1. ## fermat's little thm

compute the remainder when 2^(2^17) + 1 = 19

that + 1 is really throwing me off... I don't know how to deal with it.

2. Originally Posted by Coda202
compute the remainder when 2^(2^17) + 1 = 19

that + 1 is really throwing me off... I don't know how to deal with it.
I assume you want to find the remainder of $2^{2^{17}}+1$ modulo $19$.

By the division algorithm we can write $2^{17} = 18q + r$ where $0\leq r < 18$.
But then, $2^{2^{17}} = 2^{18q + r} = \left( 2^{18} \right)^q \cdot 2^r \equiv 2^r (\bmod 19)$.

To find the remainder $r$ we need to simplify $2^{17}$ modulo $18$.
First, $2^{\phi(9)} \equiv 1(\bmod 9) \implies 2^6\equiv 1(\bmod 9) \implies 4\cdot 2^{16} \equiv 1(\bmod 9)$.
Multiply both sides by seven to get, $2^{16}\equiv 7(\bmod 9) \implies 2^{17}\equiv 14(\bmod 18)$.
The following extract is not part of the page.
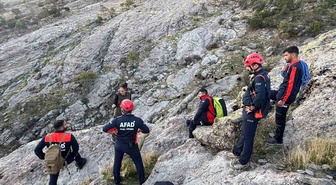 Tunceli'de sarp kayalıklarda günlerdir mahsur kalan keçileri AFAD kurtardı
Therefore, $2^{2^{17}}\equiv 2^{14} (\bmod 19)$.

Now, $16\cdot 2^{14}\equiv 1(\bmod 19)$ by Fermat's little theorem.
Since $16\cdot 6\equiv 1(\bmod 19)$ we see that $2^{14} \equiv 6(\bmod 19)$.

But this is remainder of only $2^{2^{17}}$ if you want to find remainder of $2^{2^{17}}+1$ just add 1.